Surely your example is not good, since $f$ takes positive values. However, the post above you opens some hope on such a question. Definitely $f$ is even, the fibres of $f$ are finitely many, and $\textrm{Im} f$ is a finite chain $C$ in $(\mathbb{Z}_+^*, \mid)$, with $\min C = f(\pm 1)$ and $\max C = f(0)$. How much definition can we bring as to the structure of $f$?
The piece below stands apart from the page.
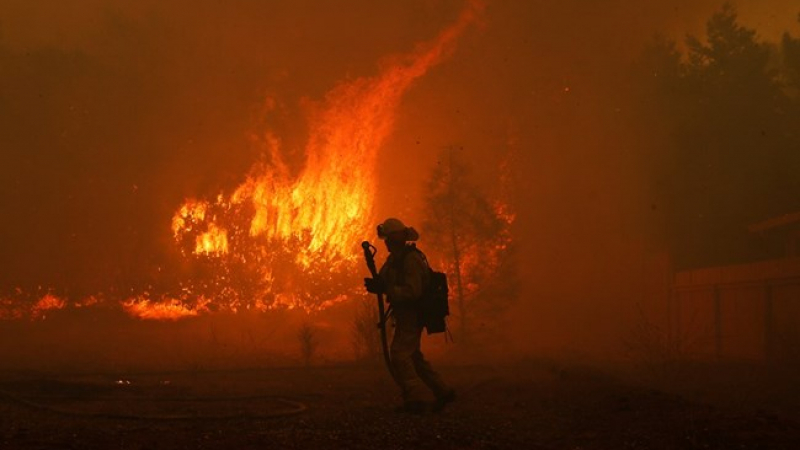 Огнен апокалипсис в Калифорния!  "Лагерен огън" подпали болница и стотици домове (СНИМКИ/ВИДЕО)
I believe the functions can be characterized as follows: Let $1 = a_1 < a_2 < \cdots < a_t$ be integers, with $a_1 \, | \, a_2 \, | \, \cdots \, | \, a_t$, and let $c_1 < c_2 < \ldots < c_t$ be any integers such that $c_1 \, | \, c_2 \, | \, \cdots \, | \, c_t$. For any nonzero integer $k$, let $\alpha(k)$ be the largest integer $i$ such that $a_i | k$. Then $f(k) =c_{\alpha(k)}$ for all nonzero $k$, and $f(0)$ is any multiple of $c_t$. Please inform me if the following solution has any errors:

a different approach: 1. $f(n)|f(0)$ 2. $f(n)=f(-n)$ 3. $f(n)|f(kn)$ 4. let $am+bn=gcd(m,n)$ then $f(bn)|f(am)-f(gcd(m,n))$ $f(am)|f(bn)-f(gcd(m,n))$ at least one of $f(am)-f(gcd(m,n))$ , $f(bn)-f(gcd(m,n))$ equals 0 we have $f(am) \ge f(m) \ge f(gcd(m,n))$ $f(n) \ge f(m)$ so $f(am)=f(m)=f(gcd(m,n))$ and $f(gcd(m,n))|f(n)$ we have $f(m)|f(n)$

orl wrote: Let $f$ be a function from the set of integers to the set of positive integers. Suppose that, for any two integers m and n, the difference $f(m) - f(n)$ is divisible by $f(m- n).$ Prove that, for all integers $m$ and $n$ with $f(m) \leq f(n)$, the number $f(n)$ is divisible by $f(m).$ Proposed by Mahyar Sefidgaran, Iran Nice problem. We use the facts: $a,b\in\mathbb{N}a|b\implies b\ge a$ and $a|b\pm a\implies a|b$. First let's prove that $f$ is an even function. Set $n=0$ giving that $f(m)|f(m)-f(0)\implies f(m)|f(0)\forall m$. Setting $m=0$, we get $f(-n)|f(n)$ and since $f$ is defined for all integers, it is symmetric for $n$ and $-n$ implying $f(-n)=f(n)$ Then expand using $m+n=m-(-n)$ to note that $f(m+n)|f(m)-f(n)$. Since the co-domain of $f$ is $\mathbb{N}$ we have three cases. Case 1: $f(m)-f(n)\ge f(m+n)$. But we have $f(m)=f(m+n-n)|f(m+n)-f(n)$ giving $f(m)-f(n)\ge f(m+n)\ge f(m)+f(n)$ $\implies f(m)+f(n)\le f(m)-f(n)\implies 2f(n)\le 0$, contradiction since $f(m)\in\mathbb{N}$. Case 2: $ f(m)\le f(n)-f(m+n) $ which is almost similar using the given fact $f(n)\ge f(m)$ and not possible. Case 3: $f(m+n)=f(m)$ holds as the only possibility. Then $f(m)|f(m+n)-f(m)=f(n)-f(m)\implies f(m)|f(n)$. We are done. Edit: Since most solutions use the same idea, I was thinking to solve this using induction. Is it possible with induction? Also, may be in the cases I have reversed the order of $m$ and $n$.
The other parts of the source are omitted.